473,387 Members | 1,463 Online
Bytes | Software Development & Data Engineering Community
Post Job

Home Posts Topics Members FAQ

Join Bytes to post your question to a community of 473,387 software developers and data experts.

Does a DTD change the default namespace or something?

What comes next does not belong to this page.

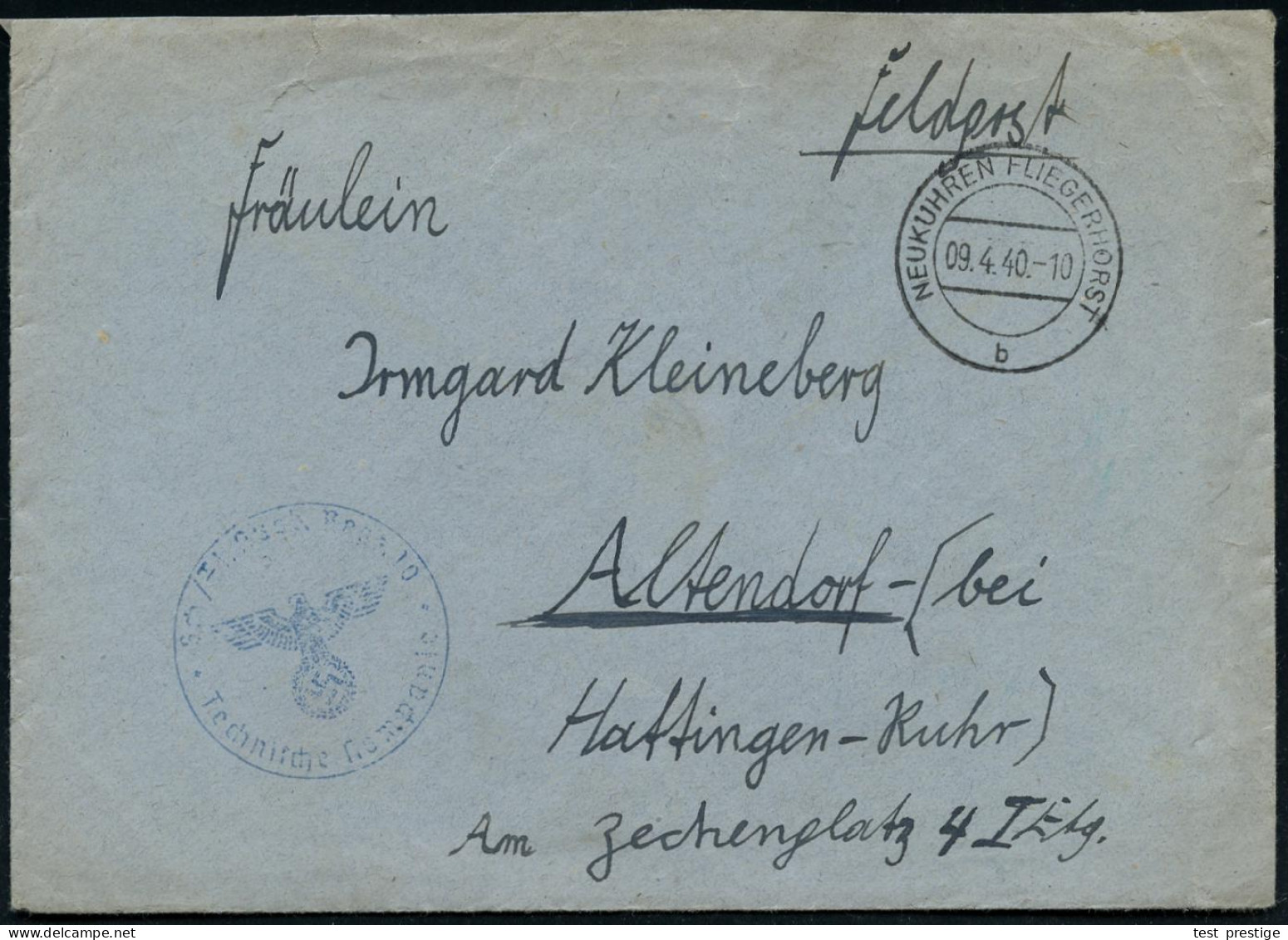 NEUKUHREN FLIEGERHORST/ B 1940 (9.4.) Seltener 2K-Steg = Hauspostamt Fliegerhorst + Blauer 1K-HdN: Fl.(ieger) Ausb. Regt - Avions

I'm feeling very stupid about this ...

pdf2html (http://pdf2html.sourceforge.net) is an app that reads a PDF
and can generate HTML or XML; in my case I'm using the XML. The PDF I'm
working with is a concatenation of many reports; my objective is to
find the first page of each report, which I've discovered can be found
in this particular instance by looking for an xml element with a
particular attribute "left" equal to 277.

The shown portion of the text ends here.